После Революции достоинства этот акт был вытребован в судебном порядке, приобщен к материалам уголовного производства. И по акту, где стоит моя подпись, бывший министр доходов и сборов Александр Клименко проходит процедуру заочного осуждения за незаконное возмещение НДС в размере 3,5 миллиарда гривен. Это только один эпизод.

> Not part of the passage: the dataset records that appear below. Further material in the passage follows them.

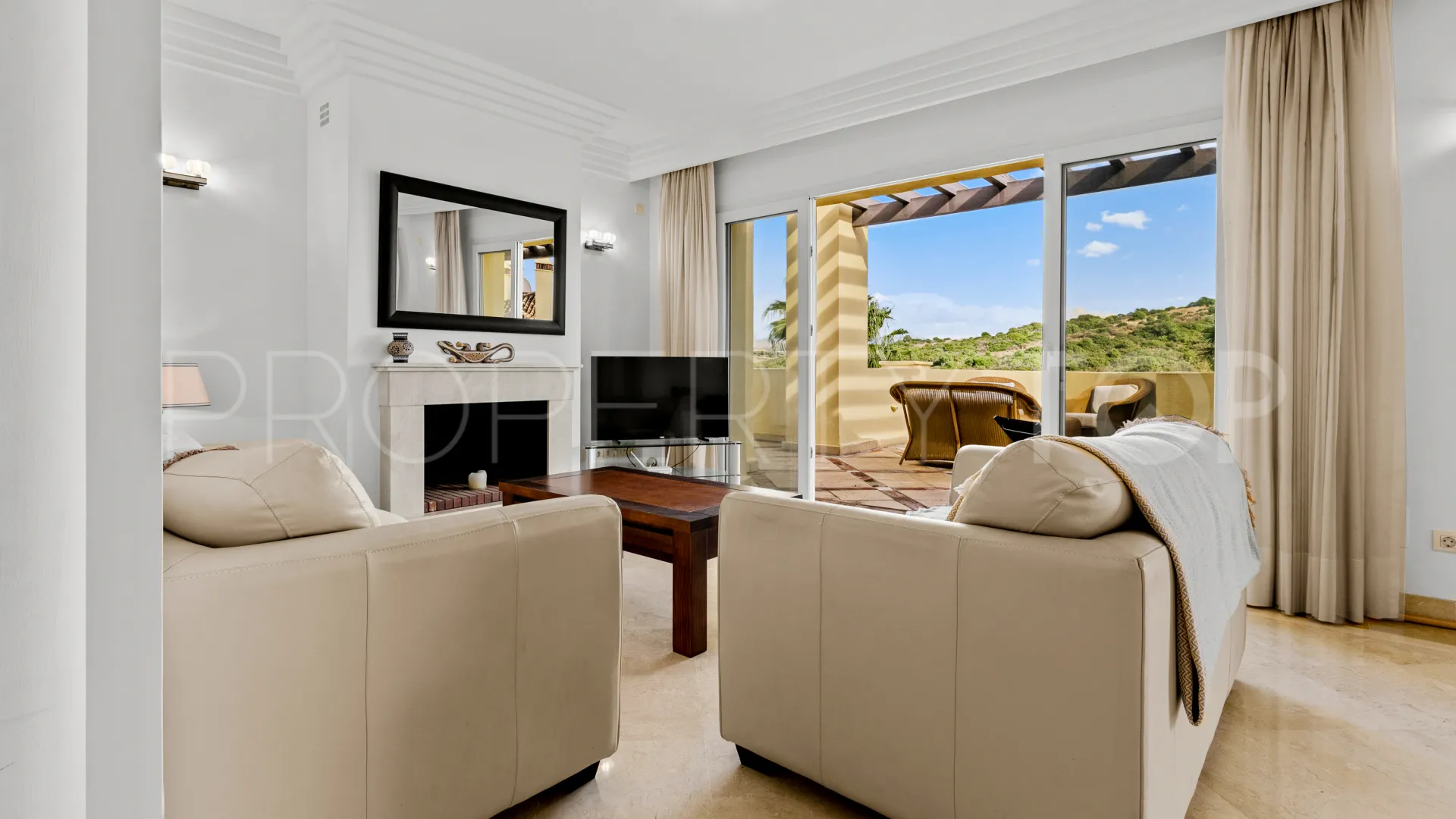 3 bedrooms penthouse in Majestic for sale
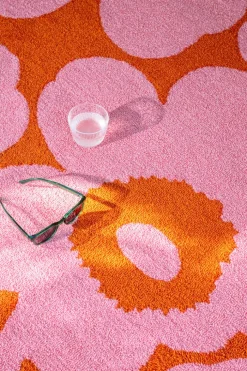 Marimekko by Brink & Campman Unikko Udendørsgulvtæppe B 250 x L 350 cm - Genanvendt PET - Lyserød/orange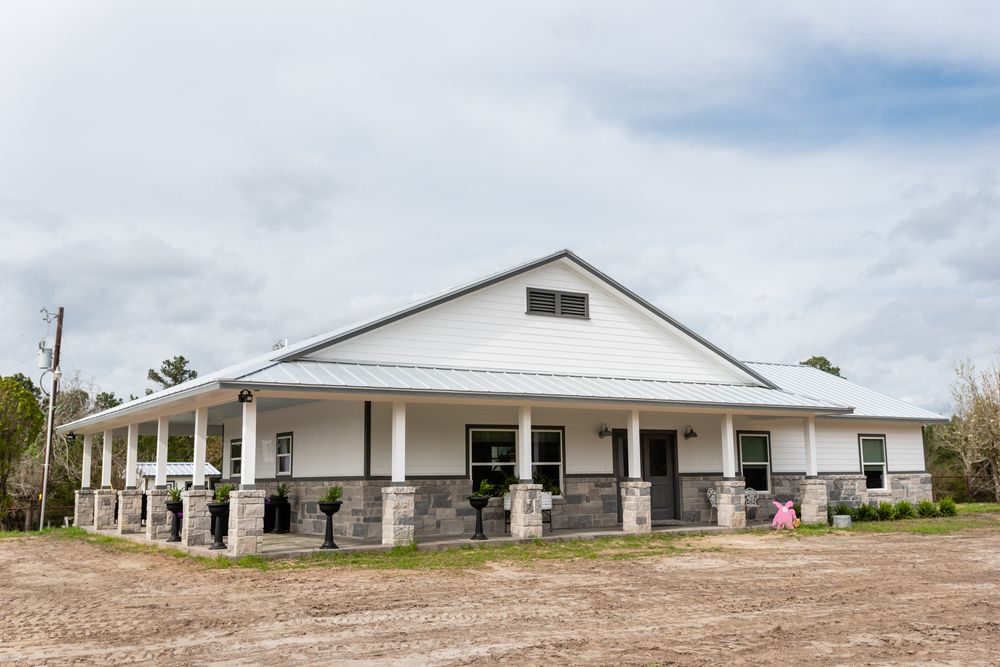 PLANTEX BARNS Updated September 2024 10 Photos 9148 Clark Rd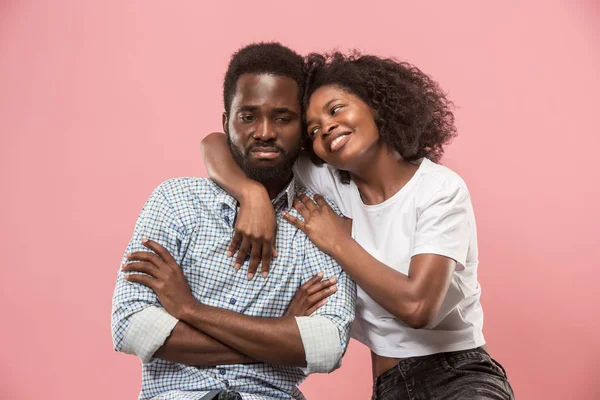 Couple regarder match de sport à la télévision à la maison, célébrer la victoire, jeu réussi — Photo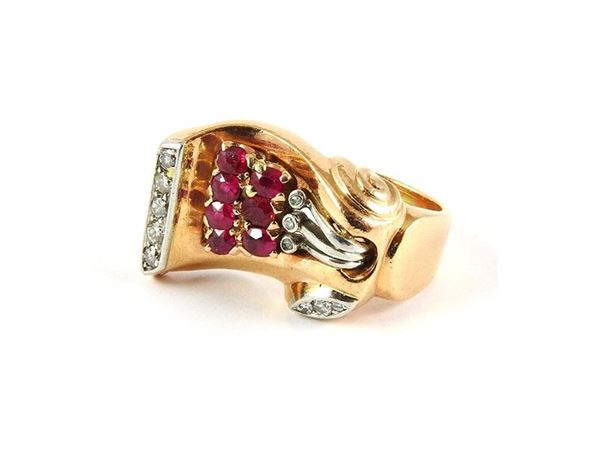 Red and white 14 Kt gold ring with rubies and diamonds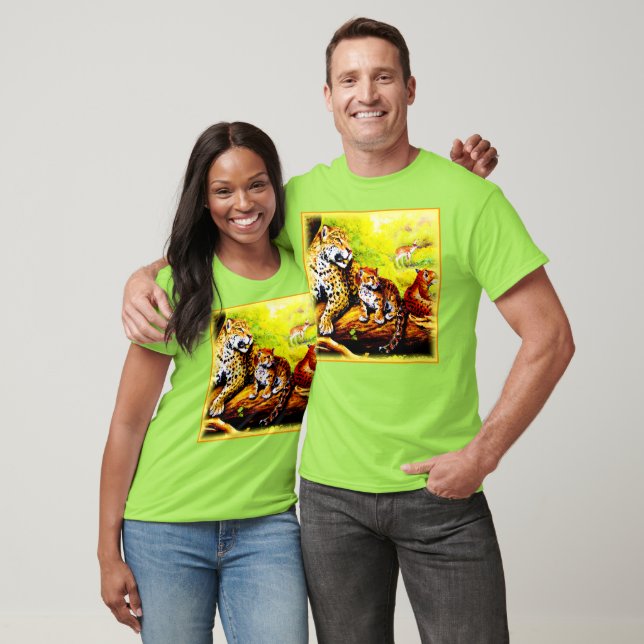 Camiseta Mamá jaguar y cachorros relajándose en la jungla.  (Unisexo)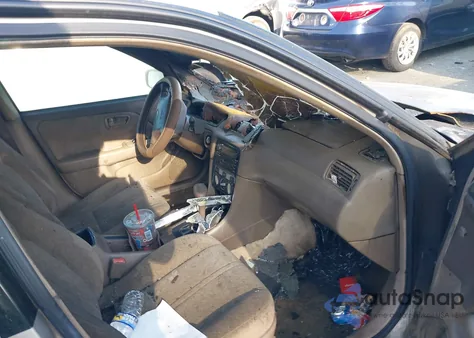 2000 Toyota Camry Le из США, поврежденный, VIN 4T1BG22K8YU990250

При курсе восемь гривен за доллар — посчитайте, сколько это в долларах. Ежедневно мы, проверяющая группа, находились на Львовской площади, в помещениях департаментов Министерства доходов и сборов. Работали на компьютерах администрации. Думаю, там все тщательно тогда контролировалось. Когда каждый из нас начал добавлять свою часть в проект акта, возник вопрос о моем немедленном откомандировании в Службу безопасности. По указанию экс-главы, беглого…
— …гражданина России…
— …Александра Якименко, как сообщили мои коллеги, с которыми у меня были нормальные отношения, меня должны были немедленно задержать сотрудники внутренней безопасности. С формулировкой «государственная измена». К моменту начала событий на Майдане единственным выходцем с Западной Украины в Администрации президента был Матиос.

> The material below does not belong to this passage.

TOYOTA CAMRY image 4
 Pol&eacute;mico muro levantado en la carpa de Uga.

— По территориальному принципу?
— Там «чужих» в их понимании не было.
— Как вы поступили, когда вас предупредили об этом?
— Я же сказал, что не прибыл на место службы. Фактически находился на полулегальном положении.
— Где-то прятались?
— Тогда это уже было не так проблематично. Все силы и средства силовых органов, милиции и СБУ, были сосредоточены на противостоянии и уничтожении Майдана.

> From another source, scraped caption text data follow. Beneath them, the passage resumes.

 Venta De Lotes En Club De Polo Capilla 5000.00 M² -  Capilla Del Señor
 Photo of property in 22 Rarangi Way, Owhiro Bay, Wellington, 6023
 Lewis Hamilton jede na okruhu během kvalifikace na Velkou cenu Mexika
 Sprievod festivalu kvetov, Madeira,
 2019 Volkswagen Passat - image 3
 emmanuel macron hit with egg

«На полиграфе было установлено, что из 19 человек, претендовавших на должности руководителей ГБР, двое имели карты иностранных государств: Румынии и Польши»
— Вы имели отношение к событиям на Майдане? Как вы узнавали информацию о нем? Не хотите отвечать — так и скажите: все, проехали.
— Нет, это запрещенный прием. (Улыбается). Скажу, чтобы вы в 10-й раз меня не спрашивали. Как и любой гражданин Украины, я видел все, что происходит. Все шло в режиме онлайн. И первым начал демонстрировать телеканал Захарченко, «112-й».
— Я не имею в виду то, что показывали по телевидению. А внутренней информацией вы владели?
— Внутренняя — это какая? В Госфискальной службе проверяющий из АП не мог зайти ни в одни двери без сотрудника этой службы, который открывал их отпечатком своего пальца. Настолько все было… Мы видели, что приезжают автомобили, завозят и вывозят чемоданы. Точно не с документацией. Кто-то в Facebook написал, что я отвечал за правоохранительные органы. Это ерунда! Все это проверено за четыре года моим поклонником и коллегой Горбатюком досконально.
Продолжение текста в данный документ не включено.